Particular emphasis was placed on the abilities of the individuals involved along the ‘value chain’, all the way down to the window installer. Experts at the Symposium were all in agreement that new, attractive professions will be created in this new era, such as System Integrators.
Andreas Bittis, Product Manager at Saint-Gobain Building Glass, outlined an exciting scenario in terms of intelligent products and processes during his presentation. The focus is not only on smart solutions, such as switchable glass, but primarily on communication between components, disciplines and users, as well as the availability of more information resulting from this. An intelligent RFID chip, for example, makes seamless documentation of the process possible – from the production of a window, to user behaviour, maintenance cycles, all the way to disposal.
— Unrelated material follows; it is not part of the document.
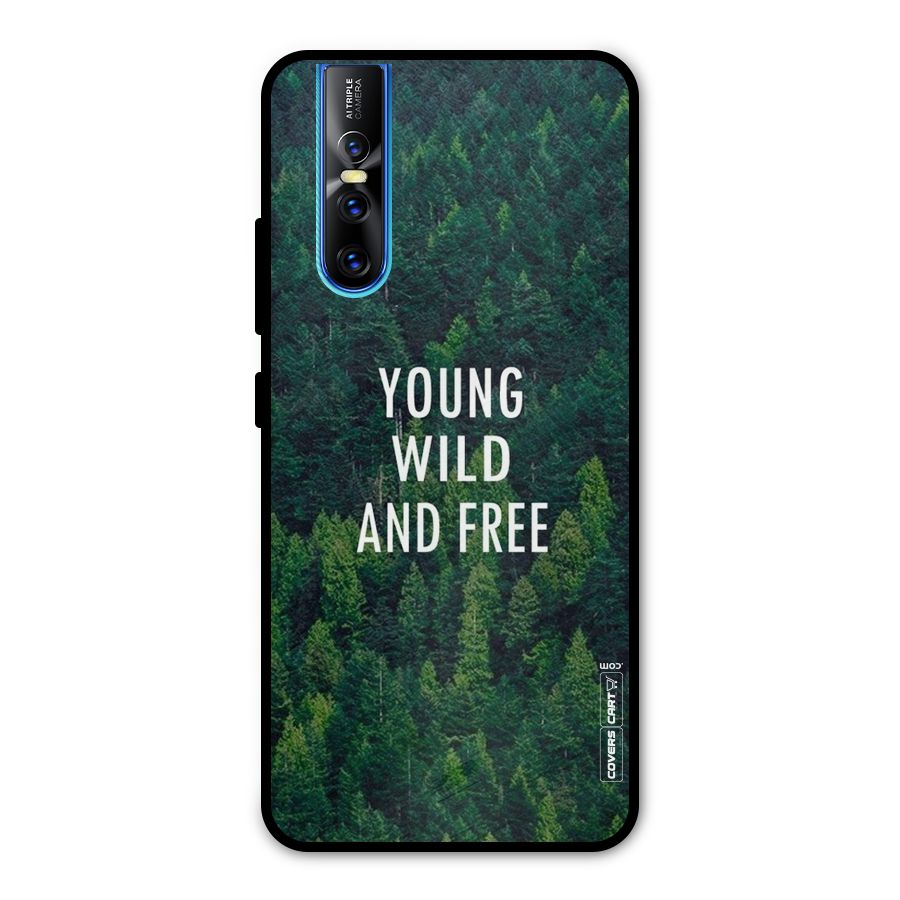 Forest Wanderlust Metal Back Case for Vivo V15 Pro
Based on this information, Andreas is convinced that new business models can be created.
"The window industry will not be able to enjoy the stability of recent years for much longer," warned Jochen Wilms, founder of W Ventures. He highlighted just how quickly a market can turn: within five years, Google, Facebook, Microsoft and more have replaced industry heavyweights like Shell or Texaco as the most valuable companies in the world.
The window and façades industry will take on special responsibility here as it could control buildings via the building envelope. Jochen encouraged the construction industry to form a "Star Alliance" to adequately address the pending upheavals.
Maarten Verhezen, Manager at Nest, the smart thermostat, highlighted the shift in perspective his company has experienced. The brand, which belongs to the Google parent company, alphabet, has taken a user-centric point of view as the focus of its business model. People should feel at home – with home automation products that simply work and are visually attractive. Some 1,000 engineers work on smart home solutions at Nest, across sectors such as energy, online or retail. He claimed that "Nest wants to create a construction industry network."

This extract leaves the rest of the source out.